Maggio 26th, 2011 Riccardo Fucile

LASCEREBBE “LIBERO” PER ARRIVARE PER LA TERZA VOLTA A “IL GIORNALE”, STAVOLTA IN VESTE DI EDITORIALISTA E ANCHE AZIONISTA… ORMAI AI REDATTORI DEI DUE QUOTIDIANI GIRA LA TESTA

Non ci crederete. Vittorio Feltri è a un passo da un nuovo clamoroso colpo di scena.
Un ritorno (stavolta sarebbe il terzo!) a “Il Giornale” di via Negri.
Un ritorno ancora una volta diverso, come editorialista principe e anche come azionista, e ancora una volta al fianco di Alessandro Sallusti, proprio ieri operato al cuore.
Un ritorno che lo vede abbandonare (per la terza volta) Maurizio Belpietro a “Libero”, cioè nel quotidiano che lui stesso ha fondato (e poi provato ad uccidere), e poi di nuovo scelto come casa per una avventura in doppia conduzione.
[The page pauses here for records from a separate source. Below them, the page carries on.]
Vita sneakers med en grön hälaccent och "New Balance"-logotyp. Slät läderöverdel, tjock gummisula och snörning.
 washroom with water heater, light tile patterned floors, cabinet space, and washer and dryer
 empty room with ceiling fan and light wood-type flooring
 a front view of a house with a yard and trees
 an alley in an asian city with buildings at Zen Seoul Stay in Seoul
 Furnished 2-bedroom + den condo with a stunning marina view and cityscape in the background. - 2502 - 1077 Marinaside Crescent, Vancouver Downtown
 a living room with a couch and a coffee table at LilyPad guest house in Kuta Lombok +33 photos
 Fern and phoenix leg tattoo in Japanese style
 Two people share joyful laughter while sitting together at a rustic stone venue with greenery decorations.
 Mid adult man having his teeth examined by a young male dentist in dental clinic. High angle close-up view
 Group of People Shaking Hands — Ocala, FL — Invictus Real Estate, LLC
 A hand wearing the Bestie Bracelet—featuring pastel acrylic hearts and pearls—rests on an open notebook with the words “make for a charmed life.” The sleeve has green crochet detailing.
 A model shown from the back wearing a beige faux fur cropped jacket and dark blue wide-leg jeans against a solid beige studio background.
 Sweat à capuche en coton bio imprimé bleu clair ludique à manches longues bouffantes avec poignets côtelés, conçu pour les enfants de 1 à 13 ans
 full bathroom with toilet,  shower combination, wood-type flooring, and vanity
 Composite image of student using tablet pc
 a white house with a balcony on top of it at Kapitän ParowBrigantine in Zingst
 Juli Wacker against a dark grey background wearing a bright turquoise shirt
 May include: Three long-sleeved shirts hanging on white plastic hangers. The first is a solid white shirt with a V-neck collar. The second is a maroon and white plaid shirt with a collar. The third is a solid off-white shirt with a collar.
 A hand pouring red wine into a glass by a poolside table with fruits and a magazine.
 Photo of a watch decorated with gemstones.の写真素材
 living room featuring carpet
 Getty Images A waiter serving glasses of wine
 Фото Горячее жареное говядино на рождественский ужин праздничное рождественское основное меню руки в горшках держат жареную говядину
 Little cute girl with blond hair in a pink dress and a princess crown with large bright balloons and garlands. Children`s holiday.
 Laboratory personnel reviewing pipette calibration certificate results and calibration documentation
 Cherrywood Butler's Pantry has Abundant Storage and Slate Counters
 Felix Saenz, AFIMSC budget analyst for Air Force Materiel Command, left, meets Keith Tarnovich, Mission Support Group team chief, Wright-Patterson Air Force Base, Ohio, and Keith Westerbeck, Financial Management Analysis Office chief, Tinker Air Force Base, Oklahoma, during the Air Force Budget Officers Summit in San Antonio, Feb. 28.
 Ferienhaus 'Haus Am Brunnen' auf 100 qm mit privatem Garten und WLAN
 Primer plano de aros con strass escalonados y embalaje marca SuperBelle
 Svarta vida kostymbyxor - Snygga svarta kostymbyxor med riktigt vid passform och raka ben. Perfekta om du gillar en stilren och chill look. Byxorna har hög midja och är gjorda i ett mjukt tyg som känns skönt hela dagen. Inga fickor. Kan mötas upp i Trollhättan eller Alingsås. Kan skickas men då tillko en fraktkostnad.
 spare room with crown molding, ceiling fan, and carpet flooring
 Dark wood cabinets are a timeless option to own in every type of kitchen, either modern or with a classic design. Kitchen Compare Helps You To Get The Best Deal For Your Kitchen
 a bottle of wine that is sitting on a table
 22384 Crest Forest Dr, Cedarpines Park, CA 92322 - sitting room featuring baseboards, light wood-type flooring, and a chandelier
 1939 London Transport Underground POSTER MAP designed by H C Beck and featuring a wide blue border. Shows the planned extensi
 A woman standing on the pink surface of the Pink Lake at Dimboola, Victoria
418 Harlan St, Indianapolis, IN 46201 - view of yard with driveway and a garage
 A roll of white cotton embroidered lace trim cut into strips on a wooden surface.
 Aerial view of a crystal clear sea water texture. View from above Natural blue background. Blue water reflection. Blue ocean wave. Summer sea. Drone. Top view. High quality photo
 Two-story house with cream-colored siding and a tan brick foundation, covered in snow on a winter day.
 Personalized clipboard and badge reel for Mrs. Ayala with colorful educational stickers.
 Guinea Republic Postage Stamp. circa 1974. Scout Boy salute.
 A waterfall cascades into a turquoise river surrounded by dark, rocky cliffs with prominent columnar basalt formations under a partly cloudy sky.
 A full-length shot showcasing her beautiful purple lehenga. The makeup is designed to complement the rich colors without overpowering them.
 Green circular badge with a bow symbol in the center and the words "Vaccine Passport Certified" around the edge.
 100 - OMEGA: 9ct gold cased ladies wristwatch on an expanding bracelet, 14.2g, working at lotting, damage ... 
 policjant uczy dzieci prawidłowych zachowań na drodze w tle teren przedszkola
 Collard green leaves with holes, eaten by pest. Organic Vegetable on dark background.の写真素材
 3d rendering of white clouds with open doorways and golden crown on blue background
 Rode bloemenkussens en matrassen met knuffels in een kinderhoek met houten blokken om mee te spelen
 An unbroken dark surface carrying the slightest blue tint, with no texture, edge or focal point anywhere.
Vi siete persi? Ecco il riassunto di questa danza immobile…
1) Età  preistorica: Feltri e Belpietro conoscono i primi successi insieme all’”Europeo”, poi all’”Indipendente”, e infine al “Giornale”. Meditano persino di comprare un Casale insieme.
2) Età  mediovale: Belpietro va a “Il Tempo”.
3) Età  premoderna: Belpietro torna a “Il Giornale” e Feltri se ne va a “Il Giorno” a fargli concorrenza.
4) Età  del ferro: Feltri fonda “Libero” per sfidare Belpietro a “Il Giornale” e incontra Sallusti come partner.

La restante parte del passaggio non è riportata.